Feeling a bit camera shy

Bio

On Wide Right’s second album, (listed as one of 2005's top 50 records in Rolling Stone Magazine) songwriter Leah Archibald continues to turn traditional rock songwriting on its head by offering an unusual perspective as a Buffalo-born mother of two who works, tends to her children, rocks and then wakes up the next day and repeats the cycle all over again. None of life’s details are too small to escape her sharp assessment; arguments with smug elementary school guidance counselors, telephone conversations overheard from the needlessly optimistic actor next door, internal dialogues concerning foxy front men of tedious bands and interminable visits from abominable houseguests are all grist for her sharp songs about people who get drunk, get even and get by.

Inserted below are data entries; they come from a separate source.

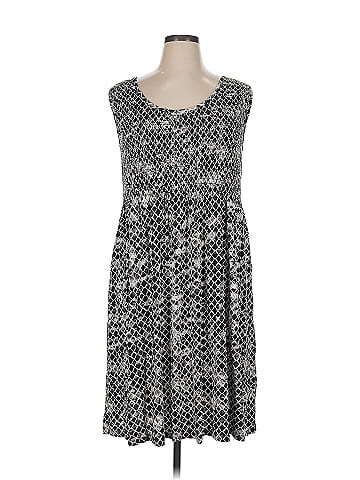 Falls Creek Casual Dress (view 1)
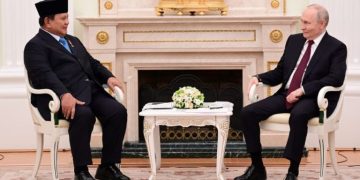 Indonesia dan Rusia Perkuat Kerjasama Energi, Antariksa Hingga Pendidikan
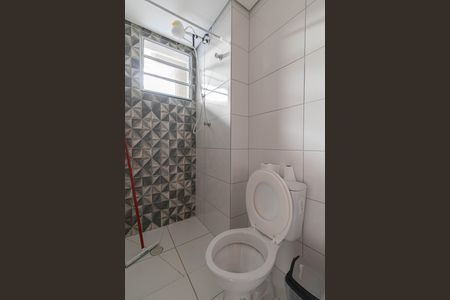 Apartamento para alugar com 33m², 2 quartos e 1 vaga Apartamento para alugar com 33m², 2 quartos e 1 vagaBanheiro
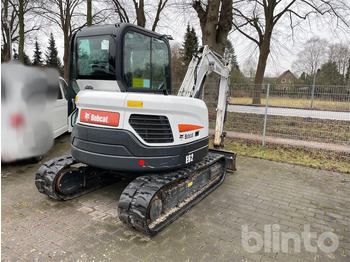 Mini ekskavatorius 2020 Bobcat E62: foto 4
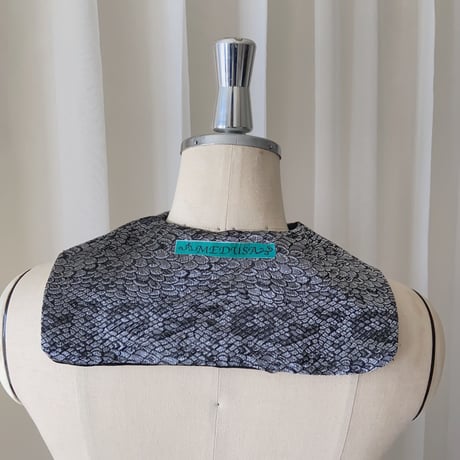 目玉屋👁️メデューサのつけ襟(B品)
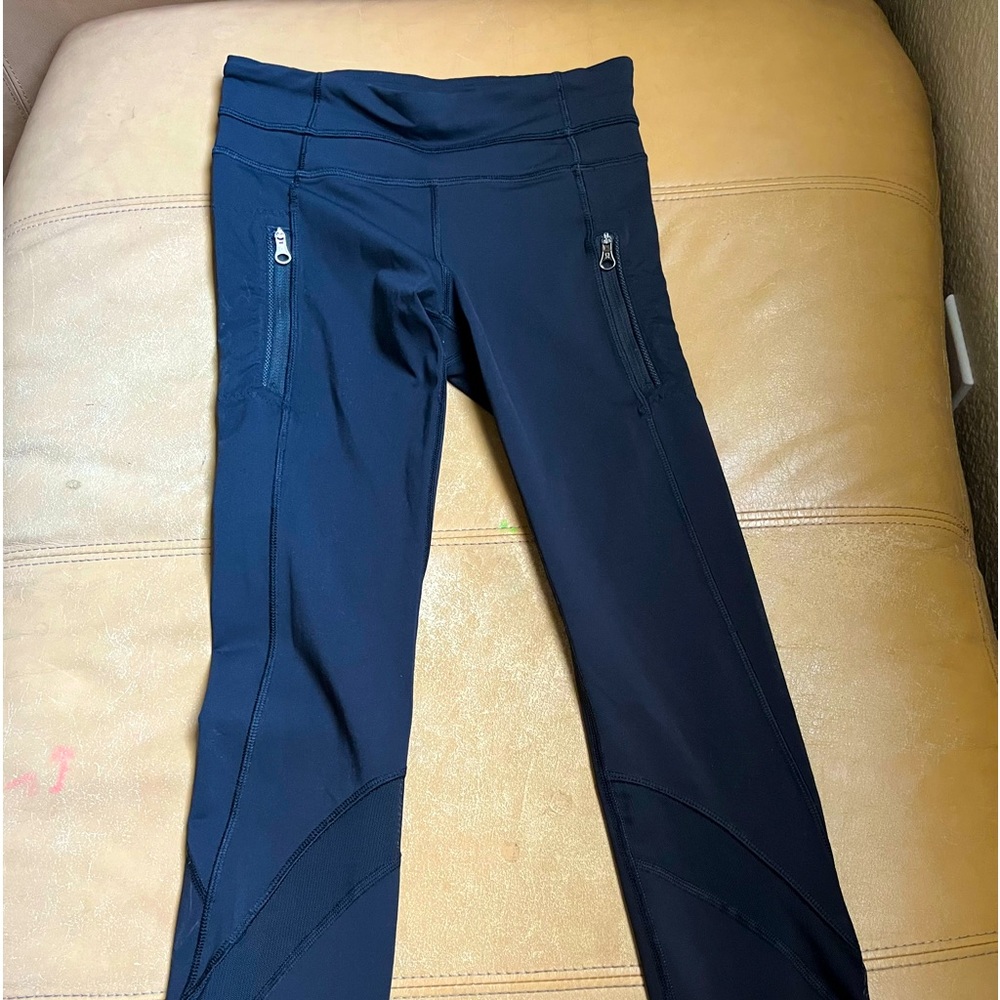 Lululemon black tights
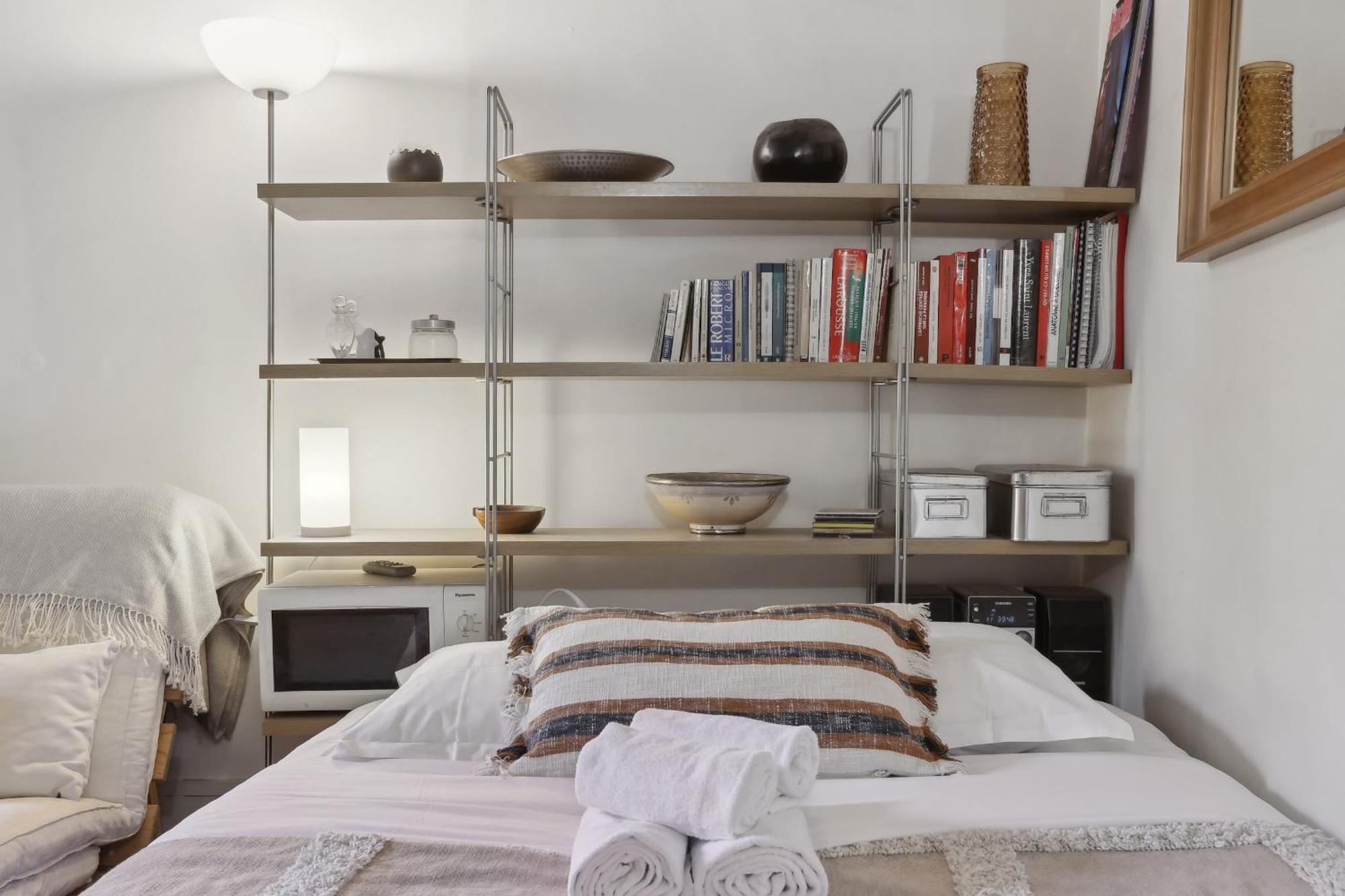 La Seine & Rivoli - Cityapartmentstay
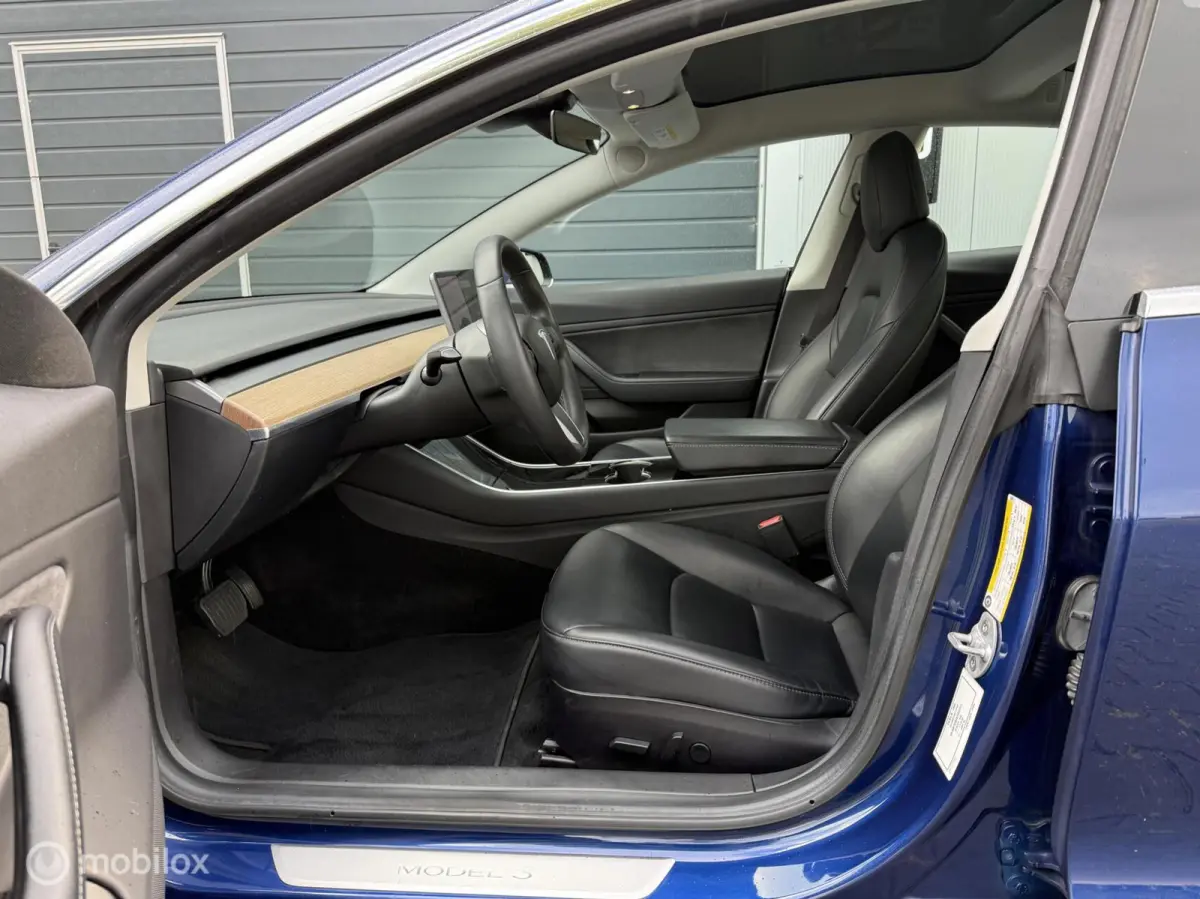 Long Range AWD 75 kWh 19 inch velgen - SOH 87%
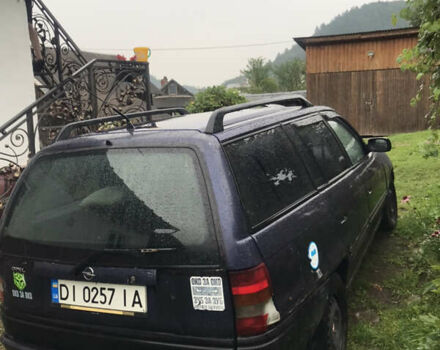 Опель Астра, об'ємом двигуна 1.6 л та пробігом 280 тис. км за 1650 $, фото 1 на Automoto.ua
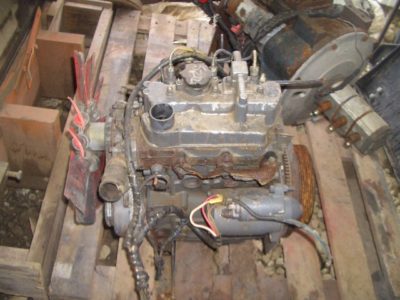 Motor Perkins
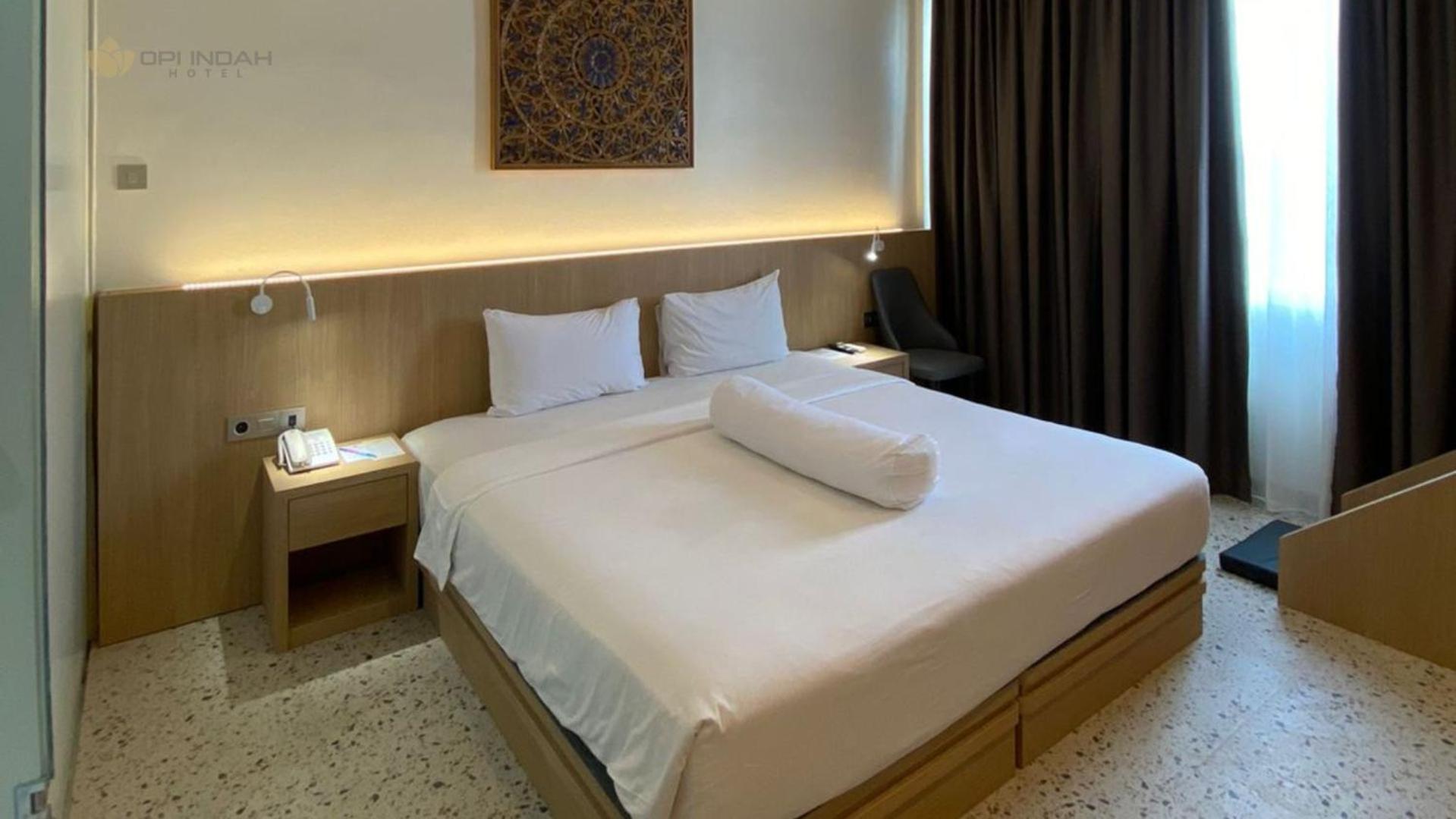 Opi Indah Hotel Palembang Zewnętrze zdjęcie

Garage-impresario Jim Diamond (The Sights, White Stripes, Dirtbombs) recorded “Sleeping on the Couch” at his legendary (and humid) Detroit studio, Ghetto Recorders. Diamond’s production provides a gritty setting for Archibald’s cast of rust belt characters: the schoolteacher who ill-advisedly bought beer for his female students (“Picture in the Paper”), an oblivious husband longing for a little female company out in his homemade garage clubhouse (“Dishrag”), the regrets of a woman who swapped a crappy service job in her hometown for a crappy service job in another city (“Laws of Gravity”) and the poignant reflection of a bewildered partner in the aftermath of a marital argument (“Sleeping on the Couch”). Songs range from infectious power pop (“Royanne”) to full-bodied rock (“I Don’t Care”) to a Glitteresque shout-along (“Buffalo Fight Song”), all woven together by Archibald’s strong, warm voice and smartass delivery and attitude. Supported by band mates Dave Rick on guitar (King Missile, Bongwater) and Brendan O’Malley on drums (Lovechild) Wide Right delivers Archibald’s songs with a propulsive beat and a searing Gibson/Marshall crunch. Wide Right is not afraid to be smart, and not afraid to rock out.

“Sleeping on the Couch” features guest appearances by Diamond as well as members of the Sights, Sirens, Come-ons and Dirtbombs. Wide Right’s self -titled full -length record received a truckload of praise, including an “A minus” in Robert Christgau’s Consumer Guide.